Furthermore, HEARTSVG demonstrated good scalability and computational performance (Fig. 2e). HEARTSVG, SPARK-X, and scGCO can scale to datasets with one million cells. HEARTSVG and SPARK-X outperformed other methods noticeably. For simulated data with 1,000,000 cells and 10,000 genes, HEARTSVG demonstrated the fastest performance and small memory usage(13.45 mins and 416 GB), while SPARK-X required 16.43 mins and 344 GB. In contrast, scGCO demanded 21.83 hours and 924.4 GB, and Squidpy necessitated 4.93 days and 367 GB. We also evaluated the scalability using several real spatial transcriptomics datasets. On the mouse hypothalamus data, comprising 1,027,848 cells and 161 genes, HEARTSVG required 1.43 mins and 7.31 GB, scGCO needed a runtime of 112 mins and 14.72 GB, SPARK-X took 0.62 mins and 5.78 GB, and Squidpy took 3.73 mins, and 7.78 GB (Supplementary Fig. S7). Moreover, we attempted to compare the performance of HEARTSVG, scGCO, SPARK-X and Squidpy on simulated data with 2 million cells and 1000 genes. HEARTSVG completed the computation in 4.5 minutes and 82.70 GB, Squidpy took 188.5 minutes and 343.7 GB, while SPARK-X and scGCO failed to scale to the dataset with 2 million cells. On the other hand, SPARK and SpatialDE were limited to sample sizes of 20,000 and 30,000 spots, respectively. SPARK necessitated over 3 hours for a 20,000-spot dataset, and SpatialDE took nearly 4 hours for a 30,000-spot dataset (Fig. 2e).

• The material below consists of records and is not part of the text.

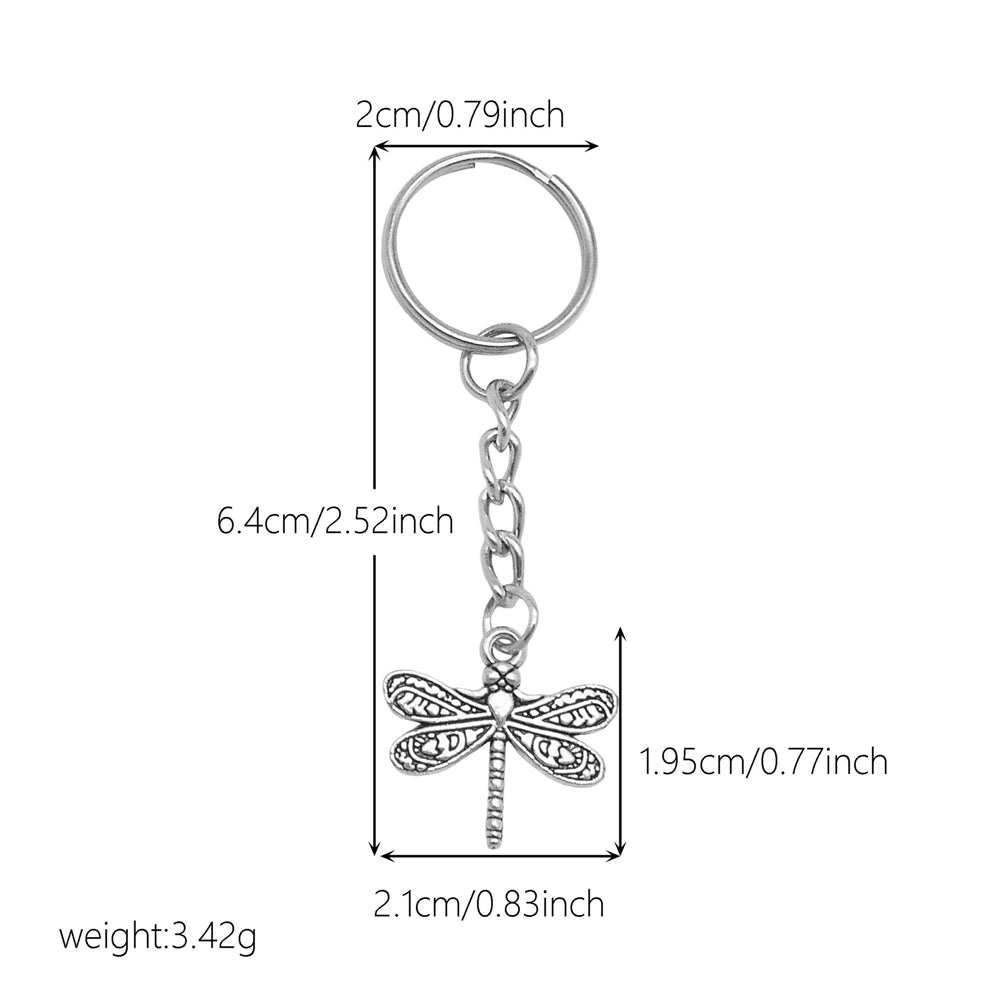 10Pcs Retro Silver Dangle Pendant with Conncetor Loop - Alloy Keyring Heart Star Moon Shape Charm Handmade Keychain for Car Key & Bag Decoration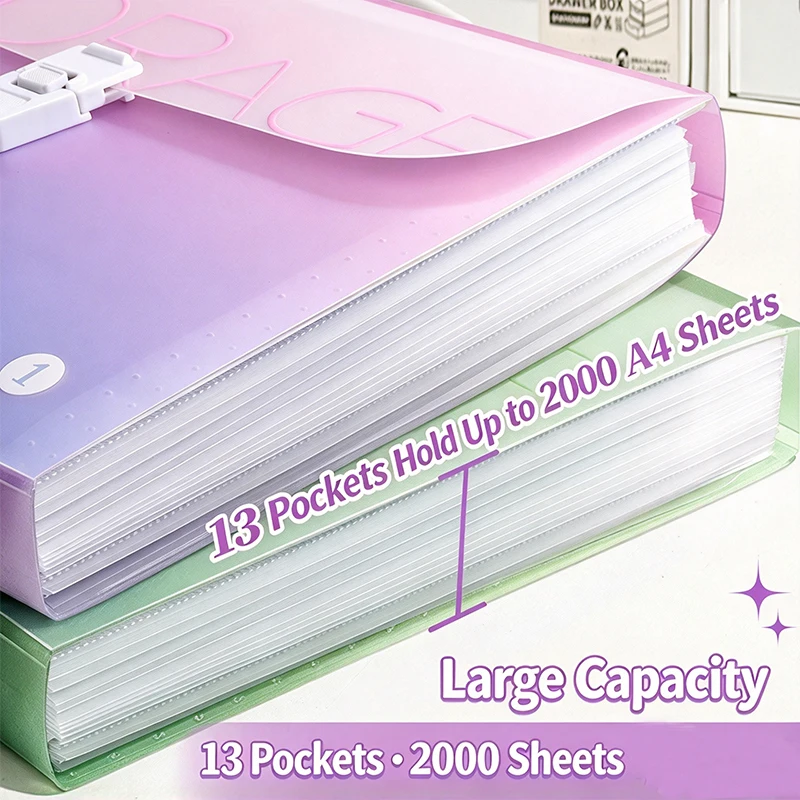 A4 13 Pockets File Folder Docu - Document Scanner Portable 评论和价格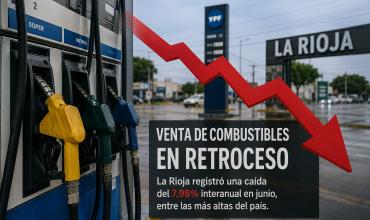 La Rioja, entre las provincias más golpeadas por la caída en la venta de combustibles
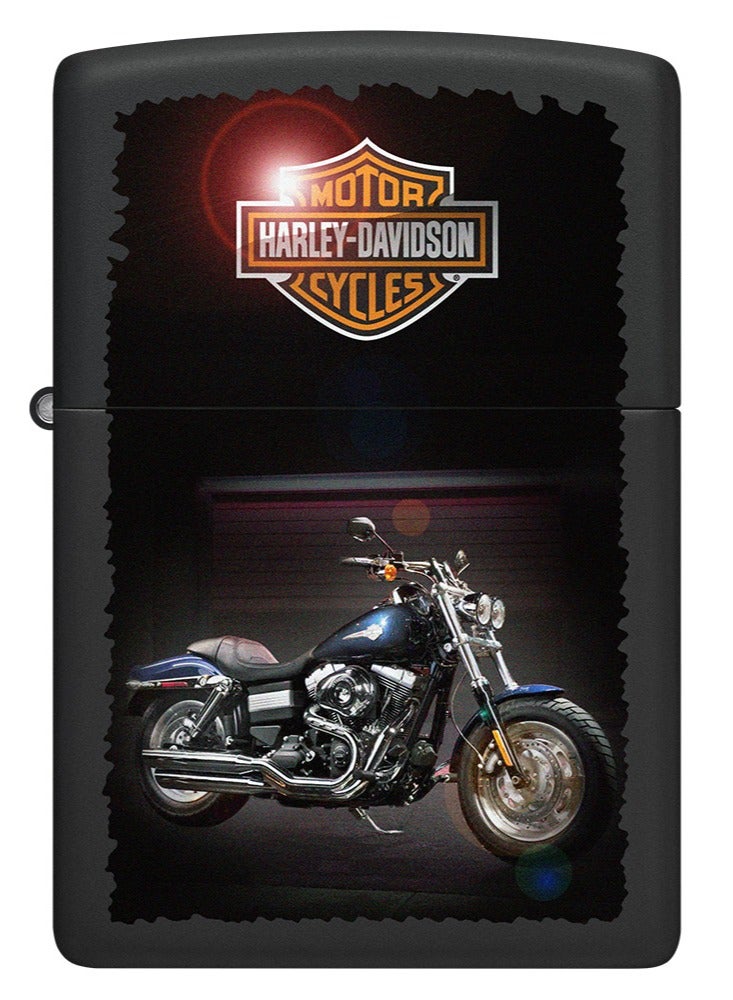 Zippo سي 009587 218 هارلي ديفيدسون ولاعة سوداء غير لامعة مقاومة للرياح - Image 2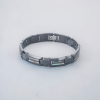 Bracelet homme ceramique noire nacre abalone magnetique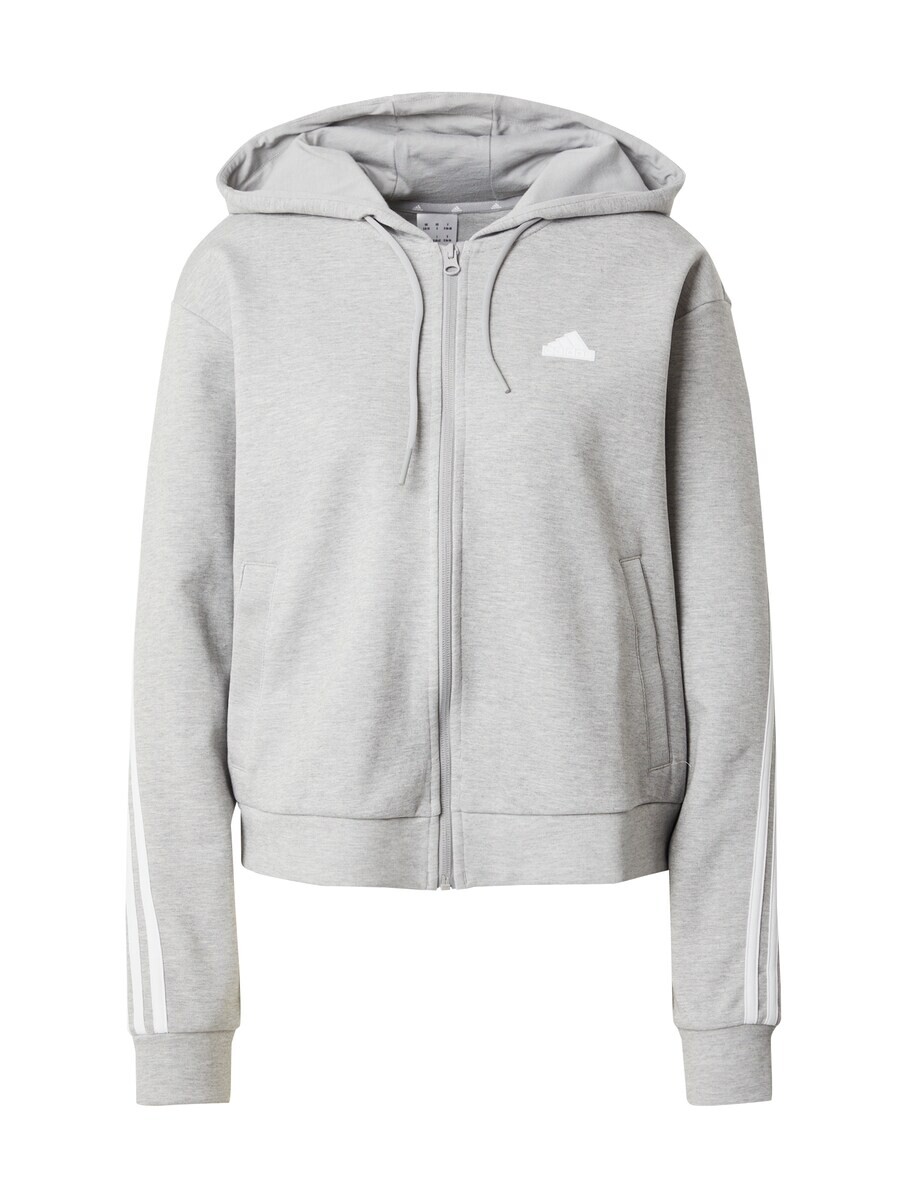 

Спортивная толстовка ADIDAS SPORTSWEAR Athletic Zip-Up Hoodie, цвет mottled grey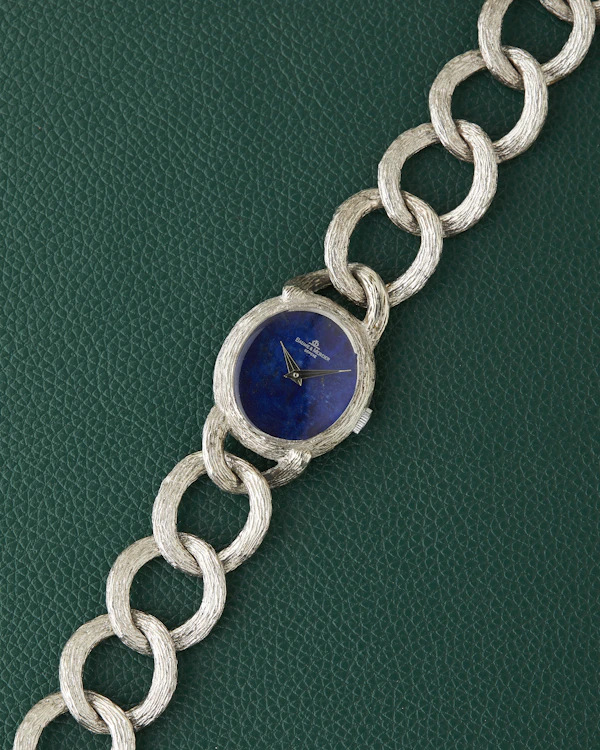 Baume & Mercier Lapis 925 Sterling Silver Bracelet - image 3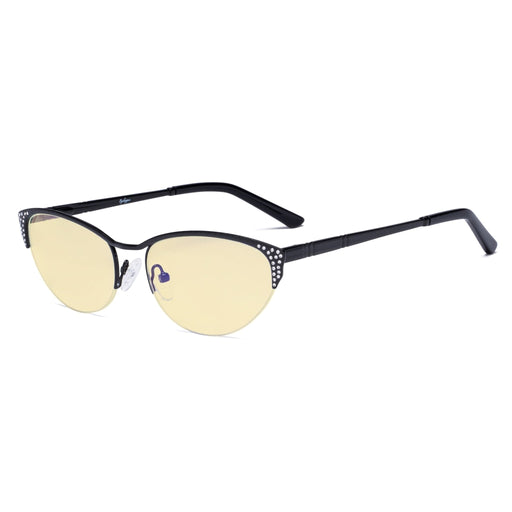 eyekeeper.com Stylish Cat-eye Blue Light Blocking Eyeglasses TM17002 Eyeglasses White Smoke Black / without magnification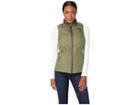The North Face Mossbud Insulated Reversible Vest (four Leaf Clover/weathered Black) Women's Vest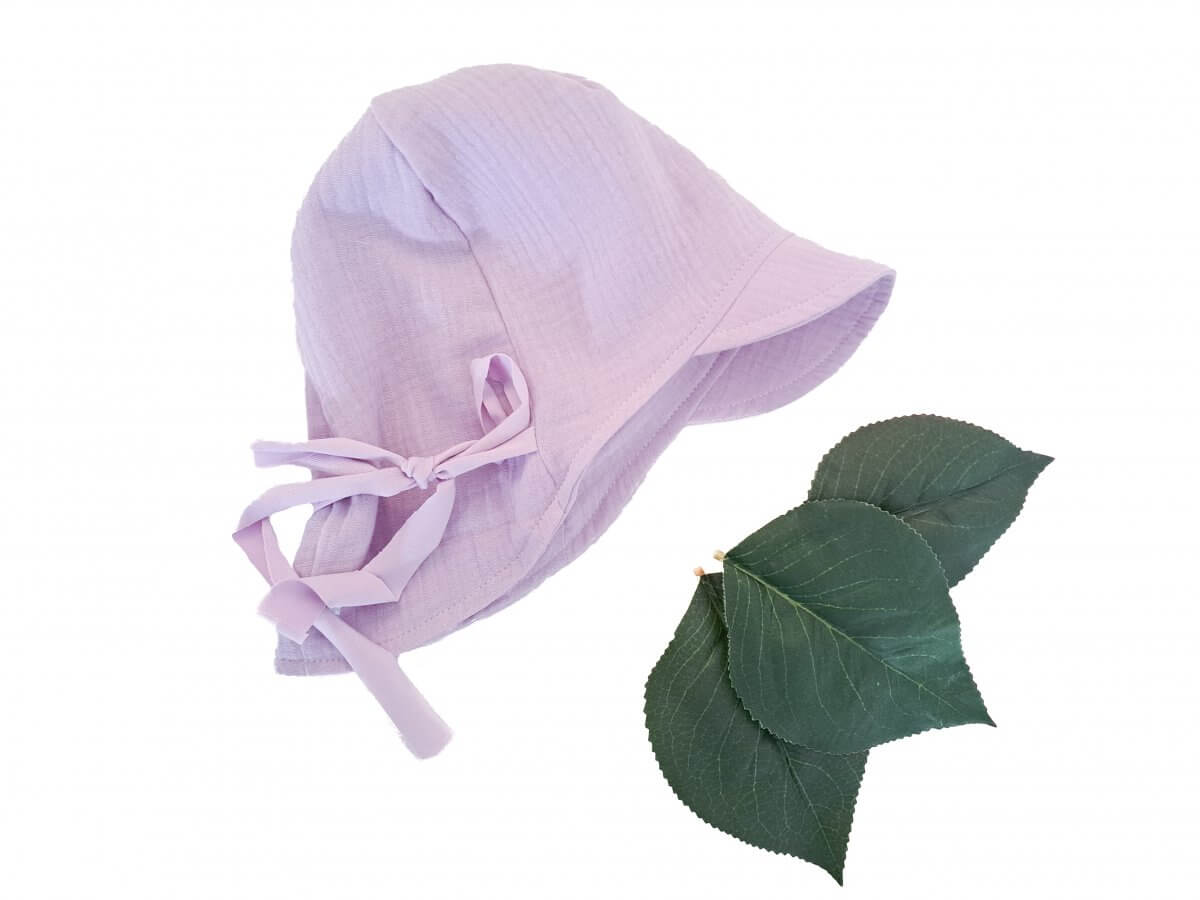 Sommerhut Musselin flieder M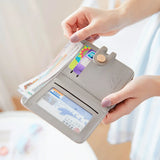 Women's Wallet Print Zipper Buckle Wallet PU Wallet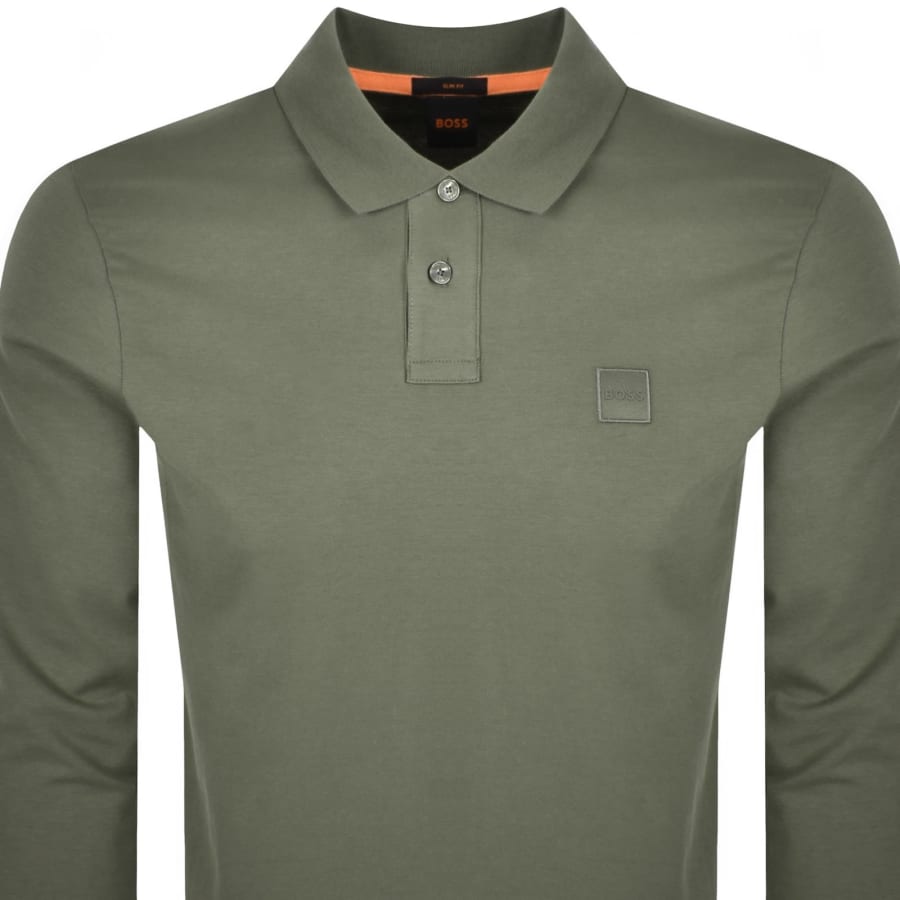 Image number 2 for BOSS Passerby Polo T Shirt Green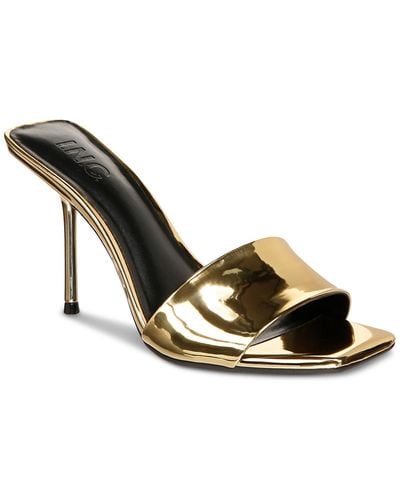 INC International Concepts Candina Slide Dress Sandals - Metallic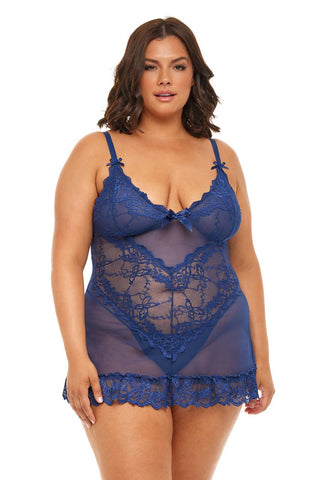 VALENTINE LACE BABYDOLL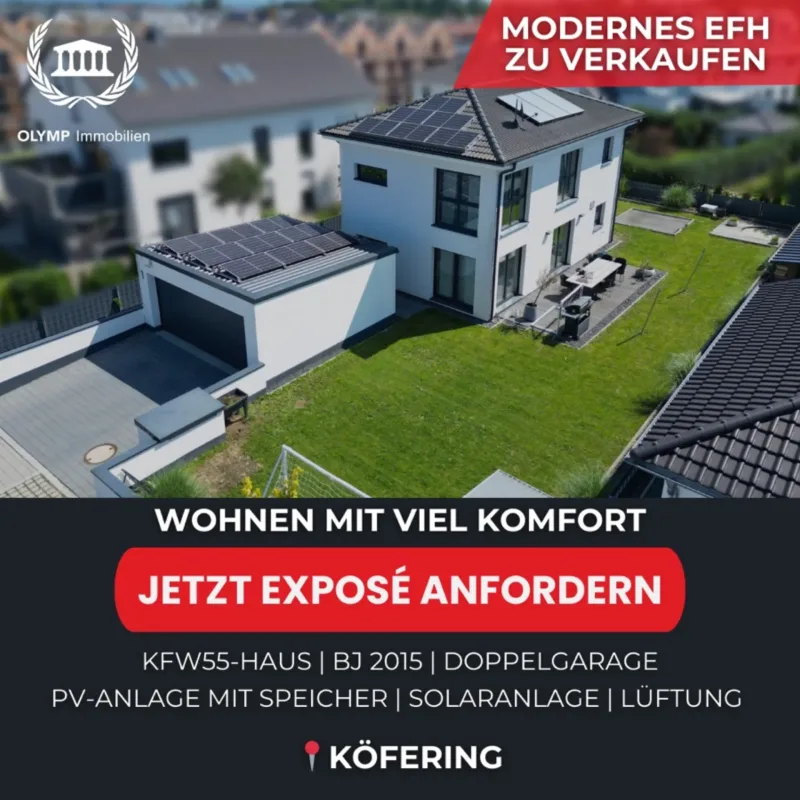 Bild-Werbeanzeige zum Einfamilienhaus in Köfering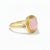 Modern Vintage Inspired Rose Quartz and Topaz Ring in Silver, Gold, Size 6 For Sale - Image 3 of 6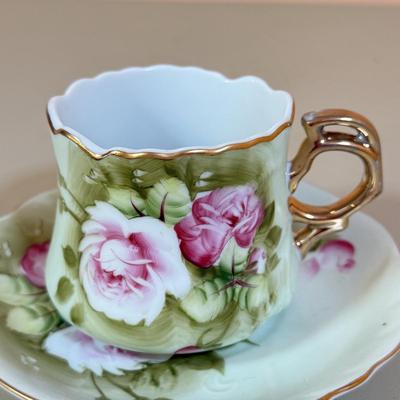 LOT 72D: Vintage Hand Painted China: Haviland Limoges & Lefton China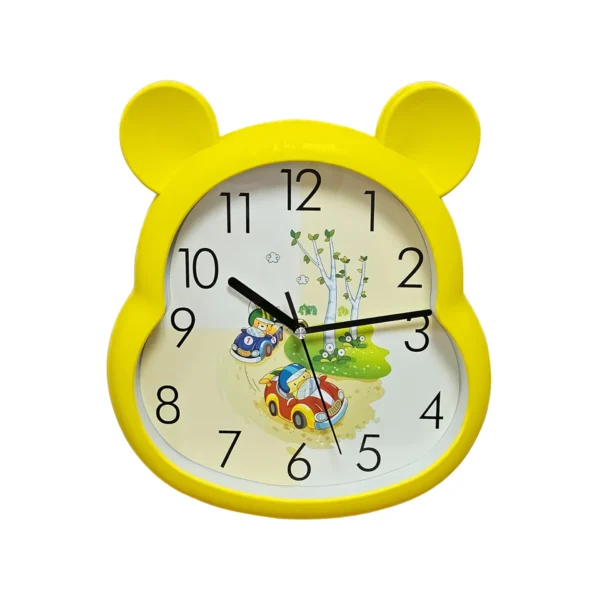 Bear Shaped Wall Clock for Children's Room with Quartz Movement~5169 - Image 7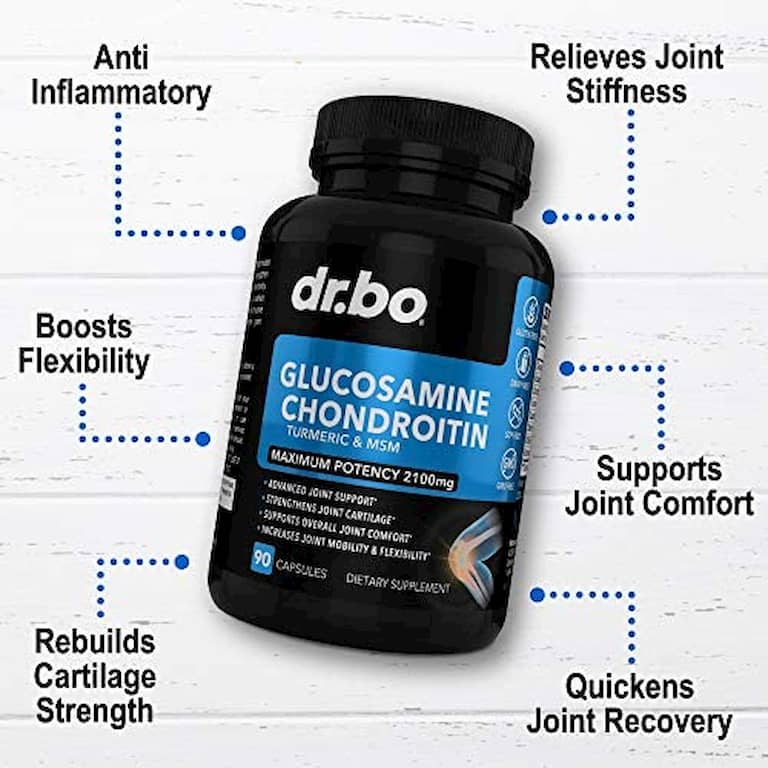 Dr. Bo Glucosamine Chondroitin Turmeric MSM là sản phẩm được đánh giá cao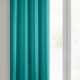 Záves RITA na krúžkoch tyrkysový 140x250cm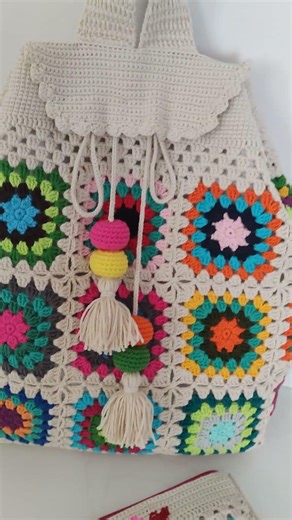 Two-piece set with backpack and small bag ✅ I shared how to make it on my channel ✅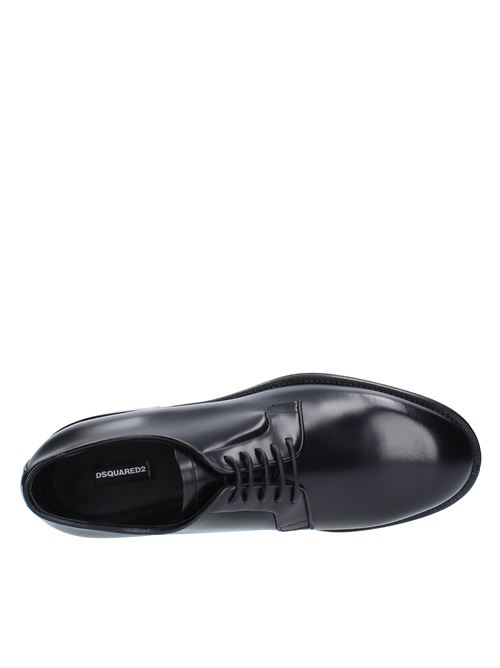 Stringate in pelle spazzolata DSQUARED2 | LUM008524900001NERO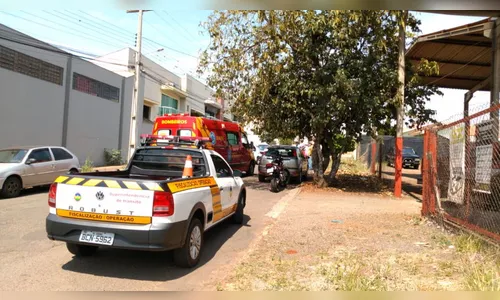 Jardim Paineiras tem acidente envolvendo carro e moto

Applications to ST datasets from different spatial technologies
Spatial transcriptomic technologies have various sequencing methods and yield different data characteristics. Therefore, in addition to large-scale simulations, we evaluated the accuracy, robustness, and generality of HEARTSVG on several real ST datasets from different ST technologies, comprising three next-generation sequencing (NGS)-based spatial technologies (10X Visium5,24–26, Slide-seqV23 and HDST4), and one imaging-based spatial technology (MERFISH6).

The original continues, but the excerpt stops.